GIVEN RECORDS:
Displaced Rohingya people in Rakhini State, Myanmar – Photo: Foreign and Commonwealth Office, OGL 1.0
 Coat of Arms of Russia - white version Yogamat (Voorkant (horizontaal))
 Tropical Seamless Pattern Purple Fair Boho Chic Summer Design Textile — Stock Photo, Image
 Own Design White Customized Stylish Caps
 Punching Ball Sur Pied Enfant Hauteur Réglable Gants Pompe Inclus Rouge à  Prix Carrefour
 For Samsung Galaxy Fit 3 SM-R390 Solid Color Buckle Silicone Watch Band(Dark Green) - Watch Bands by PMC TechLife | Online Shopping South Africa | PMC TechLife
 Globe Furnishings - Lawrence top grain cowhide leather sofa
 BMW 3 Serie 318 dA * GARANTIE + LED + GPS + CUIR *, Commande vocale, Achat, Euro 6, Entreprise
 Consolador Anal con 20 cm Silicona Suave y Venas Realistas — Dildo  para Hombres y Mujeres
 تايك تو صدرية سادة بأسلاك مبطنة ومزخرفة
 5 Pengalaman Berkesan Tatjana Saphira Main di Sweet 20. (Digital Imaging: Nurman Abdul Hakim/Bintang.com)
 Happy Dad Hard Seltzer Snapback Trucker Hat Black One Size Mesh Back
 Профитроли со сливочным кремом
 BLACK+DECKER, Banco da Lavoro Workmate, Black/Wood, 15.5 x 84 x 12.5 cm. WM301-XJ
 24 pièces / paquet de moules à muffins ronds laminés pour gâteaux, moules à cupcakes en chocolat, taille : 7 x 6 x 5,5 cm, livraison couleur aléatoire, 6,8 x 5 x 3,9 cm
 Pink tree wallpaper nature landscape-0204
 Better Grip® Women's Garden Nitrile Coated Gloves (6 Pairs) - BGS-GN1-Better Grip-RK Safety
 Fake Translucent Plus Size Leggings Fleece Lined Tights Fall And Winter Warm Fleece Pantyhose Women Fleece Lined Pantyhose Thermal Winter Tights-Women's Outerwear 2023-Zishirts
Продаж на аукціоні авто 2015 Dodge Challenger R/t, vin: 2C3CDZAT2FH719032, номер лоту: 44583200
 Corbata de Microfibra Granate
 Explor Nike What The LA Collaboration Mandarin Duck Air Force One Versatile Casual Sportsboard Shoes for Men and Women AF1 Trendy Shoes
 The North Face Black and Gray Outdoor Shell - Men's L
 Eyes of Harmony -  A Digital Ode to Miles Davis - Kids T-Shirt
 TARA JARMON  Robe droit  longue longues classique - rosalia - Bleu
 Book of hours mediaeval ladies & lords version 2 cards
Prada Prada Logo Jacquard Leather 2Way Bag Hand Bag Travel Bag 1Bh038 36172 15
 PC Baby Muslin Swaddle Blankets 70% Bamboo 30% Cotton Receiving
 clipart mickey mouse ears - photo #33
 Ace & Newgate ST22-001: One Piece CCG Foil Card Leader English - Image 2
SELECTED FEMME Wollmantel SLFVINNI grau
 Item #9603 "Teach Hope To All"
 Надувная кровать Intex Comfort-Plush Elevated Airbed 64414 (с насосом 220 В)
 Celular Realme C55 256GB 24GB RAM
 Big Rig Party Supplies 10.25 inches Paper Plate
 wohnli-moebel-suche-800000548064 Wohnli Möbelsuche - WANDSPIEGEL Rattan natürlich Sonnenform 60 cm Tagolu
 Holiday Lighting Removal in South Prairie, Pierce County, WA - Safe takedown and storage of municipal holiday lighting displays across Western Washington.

TASK STATEMENT: Check the records above line by line and tally those holding the string "South". Answer with the number only.

YOUR SOLUTION: 2